◆ **What is being asked**
From the line containing "Copriwater, Cuscino del" to the last line of the records below, retype every line exactly and output nothing else.

Short text fragments from websites
##########
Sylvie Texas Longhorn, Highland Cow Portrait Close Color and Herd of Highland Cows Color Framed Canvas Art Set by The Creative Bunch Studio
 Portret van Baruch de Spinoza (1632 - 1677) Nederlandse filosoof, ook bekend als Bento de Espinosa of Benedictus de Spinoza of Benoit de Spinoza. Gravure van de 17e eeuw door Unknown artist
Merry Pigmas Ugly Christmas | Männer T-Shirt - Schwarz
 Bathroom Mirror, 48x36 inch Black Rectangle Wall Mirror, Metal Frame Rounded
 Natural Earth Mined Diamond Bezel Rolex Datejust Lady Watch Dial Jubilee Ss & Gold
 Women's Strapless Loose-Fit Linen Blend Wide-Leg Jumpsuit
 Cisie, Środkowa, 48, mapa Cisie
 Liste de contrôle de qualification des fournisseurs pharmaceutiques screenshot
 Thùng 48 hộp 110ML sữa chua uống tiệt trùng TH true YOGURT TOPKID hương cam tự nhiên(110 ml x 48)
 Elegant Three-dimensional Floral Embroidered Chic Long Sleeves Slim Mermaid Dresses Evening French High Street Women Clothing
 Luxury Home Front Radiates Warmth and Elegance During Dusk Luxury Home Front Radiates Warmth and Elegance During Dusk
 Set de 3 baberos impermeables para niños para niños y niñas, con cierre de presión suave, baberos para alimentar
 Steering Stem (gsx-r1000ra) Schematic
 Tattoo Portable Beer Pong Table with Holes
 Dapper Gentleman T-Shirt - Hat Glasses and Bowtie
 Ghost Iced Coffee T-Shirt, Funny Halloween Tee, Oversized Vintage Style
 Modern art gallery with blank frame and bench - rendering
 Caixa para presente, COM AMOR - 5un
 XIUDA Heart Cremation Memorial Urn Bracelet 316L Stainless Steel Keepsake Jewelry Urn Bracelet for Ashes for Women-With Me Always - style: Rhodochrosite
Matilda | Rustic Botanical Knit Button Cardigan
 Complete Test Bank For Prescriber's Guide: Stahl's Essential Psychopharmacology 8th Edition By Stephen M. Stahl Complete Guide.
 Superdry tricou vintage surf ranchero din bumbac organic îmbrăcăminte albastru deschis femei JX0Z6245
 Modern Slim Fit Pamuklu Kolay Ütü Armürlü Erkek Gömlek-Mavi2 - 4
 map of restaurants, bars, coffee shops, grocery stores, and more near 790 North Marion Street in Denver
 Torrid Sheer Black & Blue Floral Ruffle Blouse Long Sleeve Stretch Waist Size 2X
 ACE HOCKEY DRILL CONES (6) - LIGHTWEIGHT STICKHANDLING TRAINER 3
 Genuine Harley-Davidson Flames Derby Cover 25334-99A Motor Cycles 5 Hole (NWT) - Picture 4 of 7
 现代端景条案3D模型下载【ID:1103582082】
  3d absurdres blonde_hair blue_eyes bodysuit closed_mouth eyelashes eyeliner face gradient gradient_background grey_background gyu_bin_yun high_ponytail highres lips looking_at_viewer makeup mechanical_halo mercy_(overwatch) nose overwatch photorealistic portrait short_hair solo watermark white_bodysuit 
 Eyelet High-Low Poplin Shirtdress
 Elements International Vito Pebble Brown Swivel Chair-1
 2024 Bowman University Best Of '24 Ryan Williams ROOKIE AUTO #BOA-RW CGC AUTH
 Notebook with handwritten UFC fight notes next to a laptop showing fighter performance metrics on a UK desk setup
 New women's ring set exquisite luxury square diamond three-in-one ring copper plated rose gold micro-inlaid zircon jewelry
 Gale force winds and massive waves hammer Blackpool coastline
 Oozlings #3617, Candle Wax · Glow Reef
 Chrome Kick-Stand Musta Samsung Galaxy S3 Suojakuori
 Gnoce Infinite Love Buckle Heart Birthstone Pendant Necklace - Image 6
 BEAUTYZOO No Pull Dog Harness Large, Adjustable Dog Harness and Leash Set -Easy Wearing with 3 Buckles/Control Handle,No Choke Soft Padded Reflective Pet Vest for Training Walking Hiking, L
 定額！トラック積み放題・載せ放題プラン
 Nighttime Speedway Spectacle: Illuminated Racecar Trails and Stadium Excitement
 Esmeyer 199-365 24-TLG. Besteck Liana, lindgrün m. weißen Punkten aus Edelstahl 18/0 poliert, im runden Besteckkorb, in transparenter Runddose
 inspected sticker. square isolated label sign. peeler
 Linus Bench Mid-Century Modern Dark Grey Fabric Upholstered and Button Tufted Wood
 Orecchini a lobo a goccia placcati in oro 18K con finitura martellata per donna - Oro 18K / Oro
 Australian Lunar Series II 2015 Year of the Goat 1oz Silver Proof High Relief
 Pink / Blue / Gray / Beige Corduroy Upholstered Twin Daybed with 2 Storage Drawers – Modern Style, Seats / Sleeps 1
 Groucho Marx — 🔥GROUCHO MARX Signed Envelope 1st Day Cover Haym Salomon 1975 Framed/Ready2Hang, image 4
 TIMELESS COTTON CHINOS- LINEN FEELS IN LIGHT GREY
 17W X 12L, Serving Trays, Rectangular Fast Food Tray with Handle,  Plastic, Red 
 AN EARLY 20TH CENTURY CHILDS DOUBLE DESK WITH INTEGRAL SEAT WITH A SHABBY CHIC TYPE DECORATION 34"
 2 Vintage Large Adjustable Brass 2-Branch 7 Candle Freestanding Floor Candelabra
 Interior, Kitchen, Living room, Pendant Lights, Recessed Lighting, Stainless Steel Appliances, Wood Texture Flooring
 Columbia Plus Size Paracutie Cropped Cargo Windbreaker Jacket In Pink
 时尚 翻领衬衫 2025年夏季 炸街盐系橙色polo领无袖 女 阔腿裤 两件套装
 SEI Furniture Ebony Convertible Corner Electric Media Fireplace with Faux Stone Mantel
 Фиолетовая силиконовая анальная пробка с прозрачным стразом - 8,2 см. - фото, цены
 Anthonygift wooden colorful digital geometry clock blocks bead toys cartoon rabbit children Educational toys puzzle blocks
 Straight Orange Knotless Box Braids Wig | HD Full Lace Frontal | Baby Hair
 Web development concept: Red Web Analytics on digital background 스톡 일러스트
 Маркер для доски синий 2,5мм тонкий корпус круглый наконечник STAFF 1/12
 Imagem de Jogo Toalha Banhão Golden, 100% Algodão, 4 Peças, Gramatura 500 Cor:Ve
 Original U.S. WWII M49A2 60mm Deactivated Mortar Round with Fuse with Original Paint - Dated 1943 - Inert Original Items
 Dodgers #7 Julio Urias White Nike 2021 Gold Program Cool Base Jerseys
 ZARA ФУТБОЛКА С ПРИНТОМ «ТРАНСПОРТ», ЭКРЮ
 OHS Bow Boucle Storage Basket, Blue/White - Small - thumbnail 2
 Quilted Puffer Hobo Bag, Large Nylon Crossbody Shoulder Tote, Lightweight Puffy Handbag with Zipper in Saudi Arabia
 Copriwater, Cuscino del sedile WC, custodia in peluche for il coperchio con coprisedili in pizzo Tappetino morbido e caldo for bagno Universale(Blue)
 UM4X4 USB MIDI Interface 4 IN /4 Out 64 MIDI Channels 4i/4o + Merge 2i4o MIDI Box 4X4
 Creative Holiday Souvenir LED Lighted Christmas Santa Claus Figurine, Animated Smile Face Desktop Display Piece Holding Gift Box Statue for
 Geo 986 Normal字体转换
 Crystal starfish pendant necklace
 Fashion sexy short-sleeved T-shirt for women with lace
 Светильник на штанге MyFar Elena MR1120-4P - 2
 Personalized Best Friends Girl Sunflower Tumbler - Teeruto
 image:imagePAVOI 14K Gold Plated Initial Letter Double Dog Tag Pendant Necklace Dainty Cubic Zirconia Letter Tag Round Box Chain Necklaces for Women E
##########
◆ **Exercise output**
 Copriwater, Cuscino del sedile WC, custodia in peluche for il coperchio con coprisedili in pizzo Tappetino morbido e caldo for bagno Universale(Blue)
 UM4X4 USB MIDI Interface 4 IN /4 Out 64 MIDI Channels 4i/4o + Merge 2i4o MIDI Box 4X4
 Creative Holiday Souvenir LED Lighted Christmas Santa Claus Figurine, Animated Smile Face Desktop Display Piece Holding Gift Box Statue for
 Geo 986 Normal字体转换
 Crystal starfish pendant necklace
 Fashion sexy short-sleeved T-shirt for women with lace
 Светильник на штанге MyFar Elena MR1120-4P - 2
 Personalized Best Friends Girl Sunflower Tumbler - Teeruto
 image:imagePAVOI 14K Gold Plated Initial Letter Double Dog Tag Pendant Necklace Dainty Cubic Zirconia Letter Tag Round Box Chain Necklaces for Women E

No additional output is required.